- WHAT TO DO -
Return only the stretch of the material below that begins with the line containing "Hikers on the trail at Fish River Canyon" and ends with the line containing "4mm Round Cut", exactly; both of those lines belong to it.

··· THE INPUT ···

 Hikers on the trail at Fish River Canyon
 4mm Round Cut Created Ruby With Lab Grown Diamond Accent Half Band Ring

···
··· THE INPUT ···

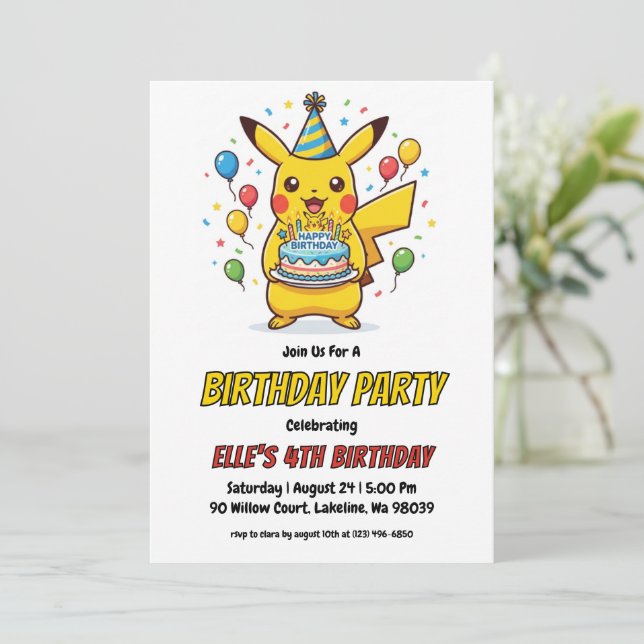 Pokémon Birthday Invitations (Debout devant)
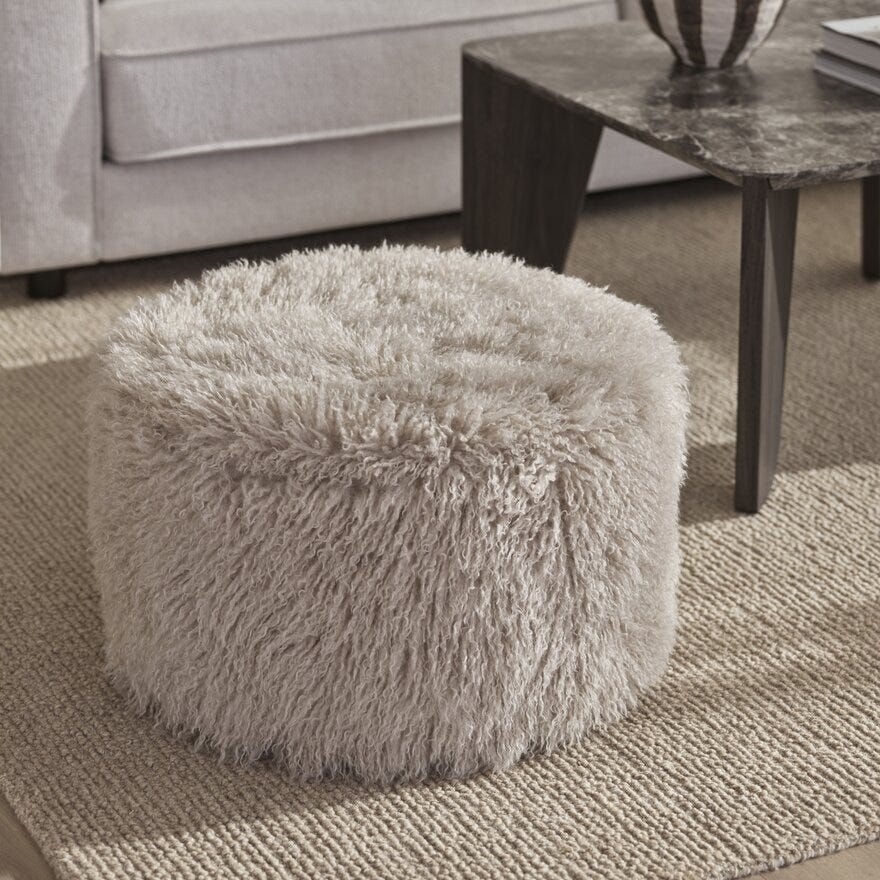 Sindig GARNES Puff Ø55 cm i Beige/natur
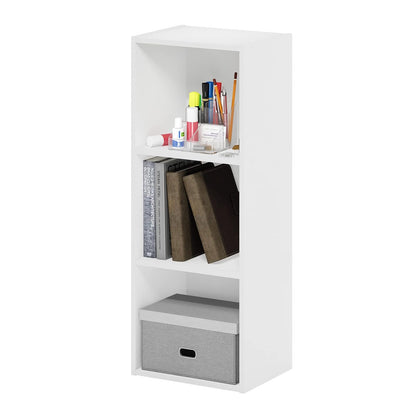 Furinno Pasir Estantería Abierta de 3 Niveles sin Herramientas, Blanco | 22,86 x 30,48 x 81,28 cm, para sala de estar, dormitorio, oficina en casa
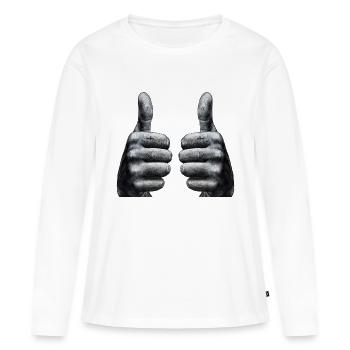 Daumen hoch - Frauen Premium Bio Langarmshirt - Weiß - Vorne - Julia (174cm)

···

- RESPONSE AREA -
 Hikers on the trail at Fish River Canyon
 4mm Round Cut Created Ruby With Lab Grown Diamond Accent Half Band Ring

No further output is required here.